В поэтических произведениях П. Целана и его суждениях о поэзии Э. Левинас открывает порыв к запредельному-другому. Стихотворение – духовный поступок единственной личности, устремленной к другому и только в этом устремлении возвращающейся к себе; «Возврат не в ответ на оклик, а силой бесконечного кругового движения, безупречной траектории, полуденной линии, которую описывают – в своей конечности без конца – стихи. Как будто идя к другому, я вернулся и врос в теперь уже родную и свободную от моей тяжести землю» 15 . В мире после Освенцима неизбежен «разрыв с простодушием вестника, посланца или пастыря бытия. Треснувший мир, открывающийся не приютом для ищущего кров, а камнем, по которому стучит посох путника, отзываясь наречием минералов. Бессонница на ложе бытия, невозможность свернуться, чтобы задремать… Чтобы оборвать стук палки, колотящей по камню, и эхо этого стука в скалах, необходимо – наперекор общеупотребительному здесь языку – подлинное слово» 16 .

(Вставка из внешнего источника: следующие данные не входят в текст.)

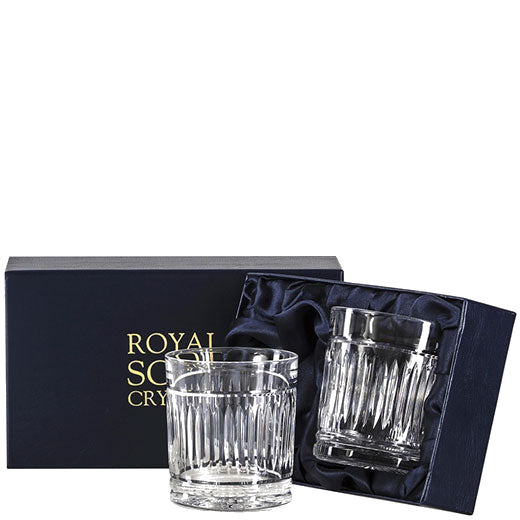 These Royal Scot Crystal Art Deco 2 x 33cl Large Tumblers will be presented inside a satin-lined gift box.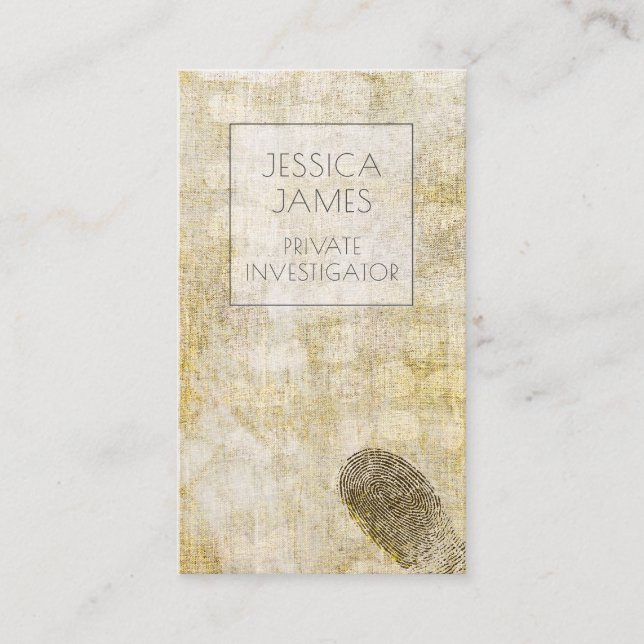 Fingerabdruck des Privatdetektors Visitenkarte (Vorderseite)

Это «подлинное слово» существует несмотря на то, то «не существует абсолютного стихотворения», оно «говорит о непригодности любых мерок и устремляется навстречу утопии, небывалым путем Небывалого… Оно и больше и меньше бытия» 17 .

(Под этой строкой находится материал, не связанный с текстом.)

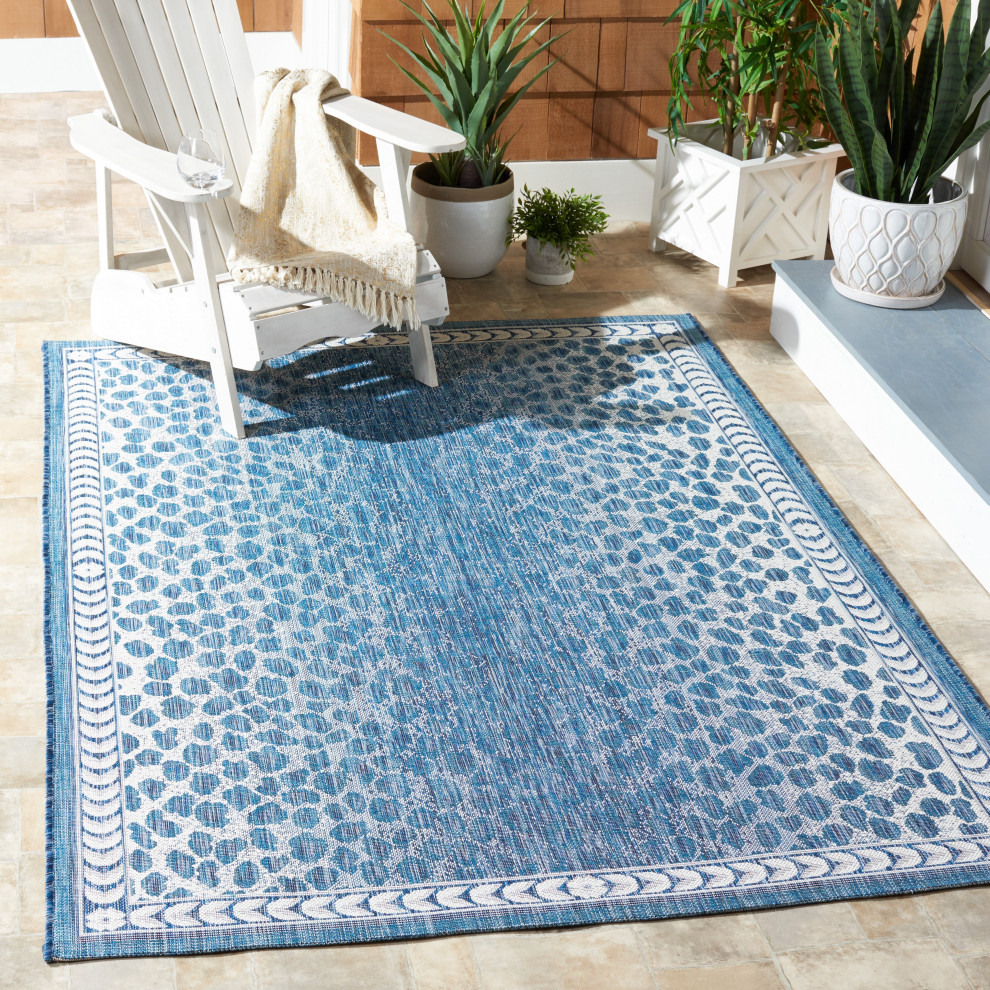 Safavieh Courtyard Cy8100 Animal Prints /Images Rug, Blue/Ivory, 8'x10 ...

Если для М. Бубера онтологически-первичным является «бытие-между», бытие-общение человека с человеком, то Э. Левинас более радикально противостоит онтологии и усматривает в самом начале доонтологическую первичность общения бытия и небытия, общения на границе предельной раз-деленности, разрыва, даже непроницаемости. Очень выразительно конкретизирует Э. Левинас эту проясняющуюся художественным произведением границу бытия и ничто, обращаясь к трагедиям Шекспира, которые открывают, с его точки зрения, противостояние личности и анонимного бытия, безличного наличия: «Такое возвращение присутствия в отрицание, невозможность избежать анонимного нетленного существования составляет глубинную суть шекспировского трагизма. Рок античной трагедии становится фатальностью неотпускающего бытия. Тени, привидения, ведьмы – не только дань Шекспира своему времени или остаток отработанных материалов; они позволяют постоянно передвигаться по той границе бытия и ничто, где бытие проникает в ничто как „пузыри земли“. Гамлет отступает перед „не быть“, потому что предчувствует возвращение бытия. Появление тени Банко в „Макбете“ также является решающим опытом „безысходности“ существования, его призрачного возвращения сквозь трещины, в которые его загнали. Макбета ужасает река бытия: бытия, вырисовывающегося в ни-что» 18 .
Этика ответственности и отношения к другому, по Э. Левинасу, предшествует всему: и онтологии, и эстетике, и искусству: «понимание бытия в целом, – писал он, – не может главенствовать над отношением с Другим. Это последнее определяет первое. Я не могу вырвать себя из товарищества с Другим… Это говорение к другому… это отношение с другим как с собеседником, это отношение с бытующим – предшествует всякой онтологии…» 19 Не раскрытие непотаенности Бытия, а отношение с бытующим и выявляет, по Левинасу, поэтическое произведение – событие осуществления человеческой субъективности в её обращенности к Другому.